--- The records Enclosed Below ---

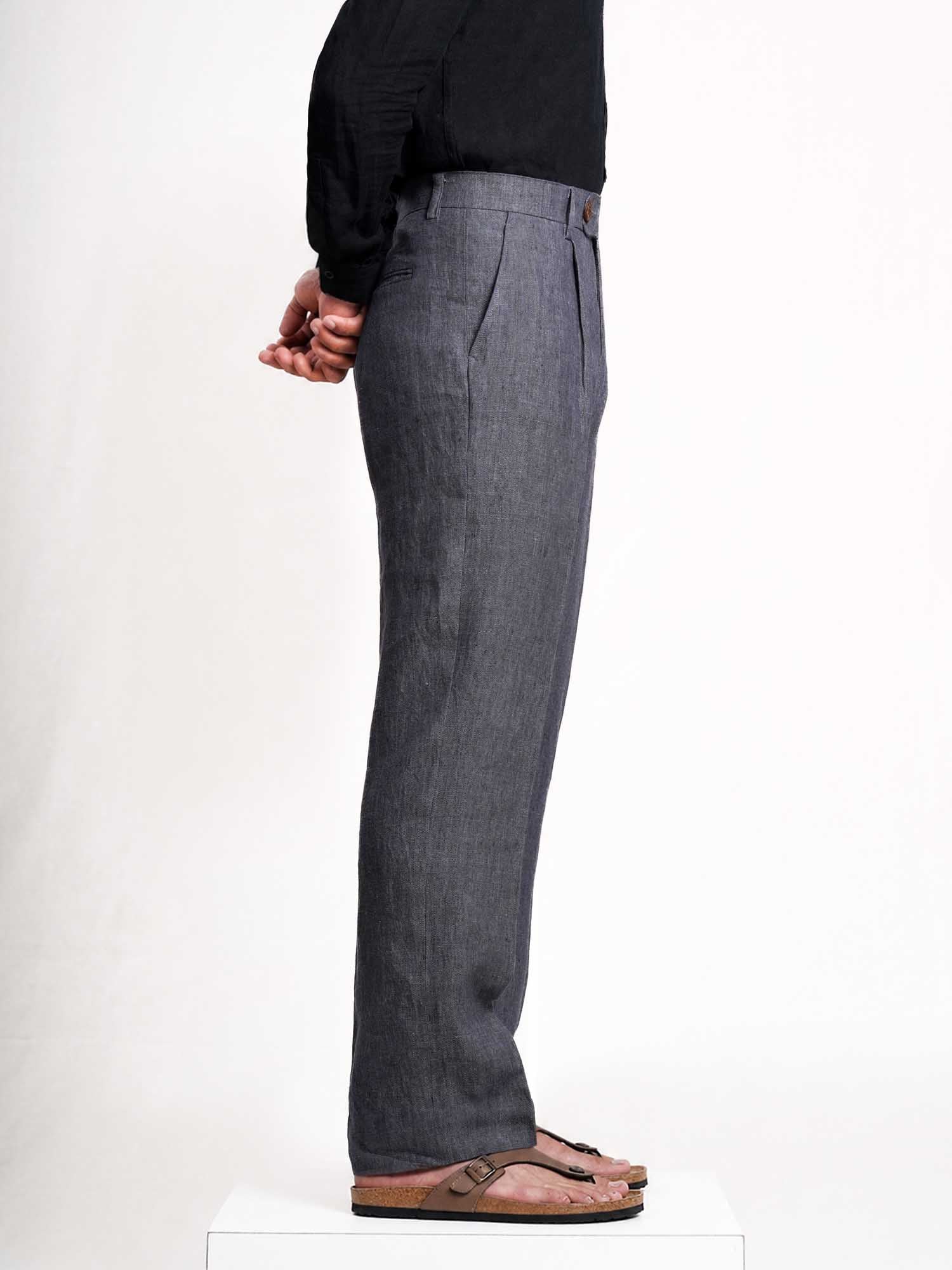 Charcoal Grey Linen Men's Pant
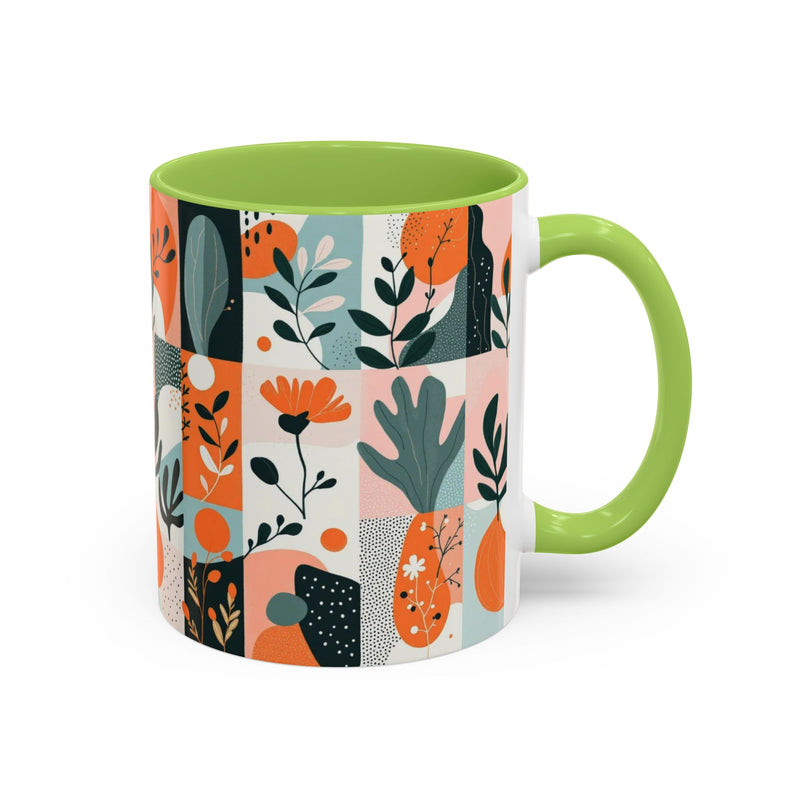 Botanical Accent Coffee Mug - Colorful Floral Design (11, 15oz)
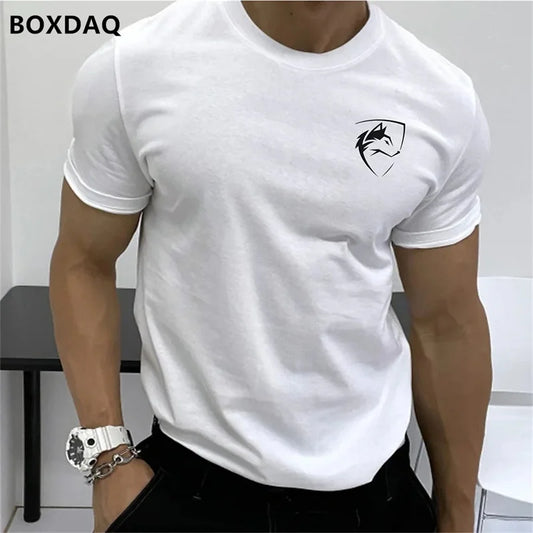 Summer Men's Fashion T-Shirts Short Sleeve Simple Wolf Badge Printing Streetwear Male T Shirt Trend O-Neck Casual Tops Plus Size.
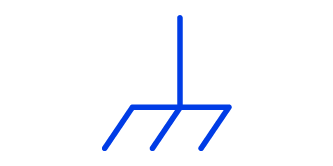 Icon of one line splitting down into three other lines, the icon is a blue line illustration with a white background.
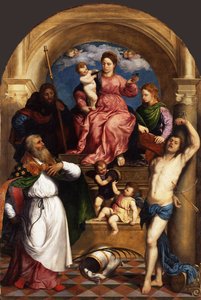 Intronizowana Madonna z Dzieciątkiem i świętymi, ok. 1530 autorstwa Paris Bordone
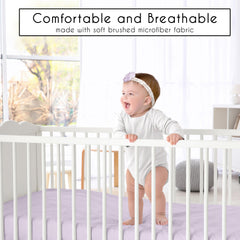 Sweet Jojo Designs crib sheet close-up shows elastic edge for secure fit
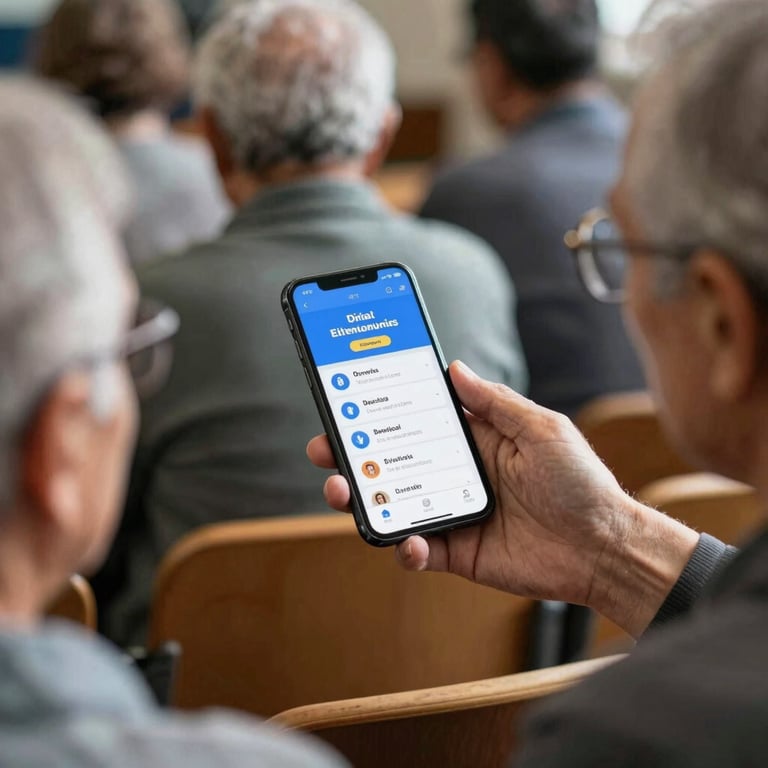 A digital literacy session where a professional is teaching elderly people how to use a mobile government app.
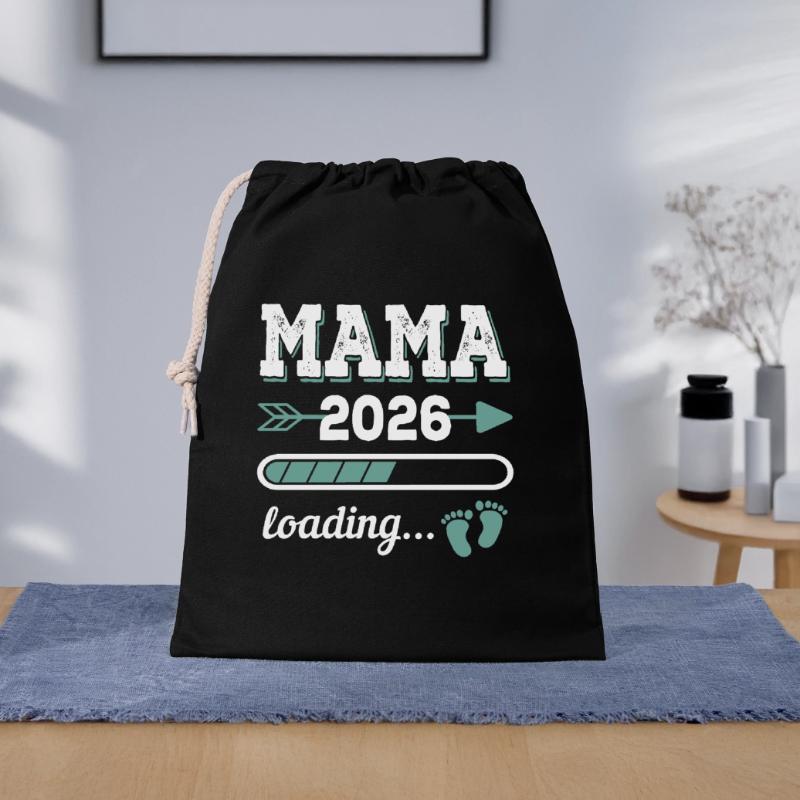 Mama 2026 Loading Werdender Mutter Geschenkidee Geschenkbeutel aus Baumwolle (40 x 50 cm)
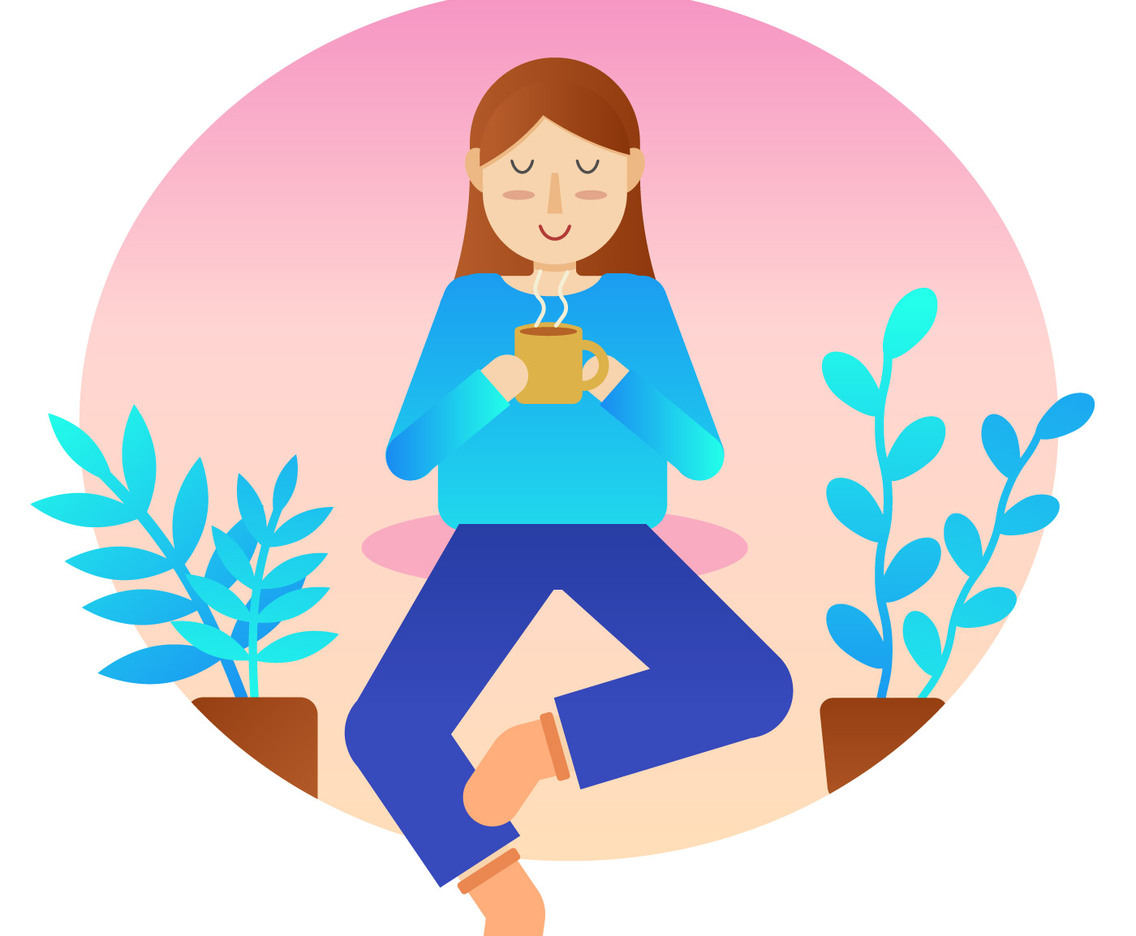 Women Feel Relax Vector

--- End of Enclosed The records ---

What is needed:
Your response must consist of the material above, reproduced word for word, with the images omitted.

Written answer:
 Charcoal Grey Linen Men's Pant
 Botanical Accent Coffee Mug - Colorful Floral Design (11, 15oz)
 Summer Men's Fashion T-Shirts Short Sleeve Simple Wolf Badge Printing Streetwear Male T Shirt Trend O-Neck Casual Tops Plus Size.
 Icon of one line splitting down into three other lines, the icon is a blue line illustration with a white background.
 Intronizowana Madonna z Dzieciątkiem i świętymi, ok. 1530 autorstwa Paris Bordone
 Sweet Jojo Designs crib sheet close-up shows elastic edge for secure fit
 A digital literacy session where a professional is teaching elderly people how to use a mobile government app.
 Mama 2026 Loading Werdender Mutter Geschenkidee Geschenkbeutel aus Baumwolle (40 x 50 cm)
 Women Feel Relax Vector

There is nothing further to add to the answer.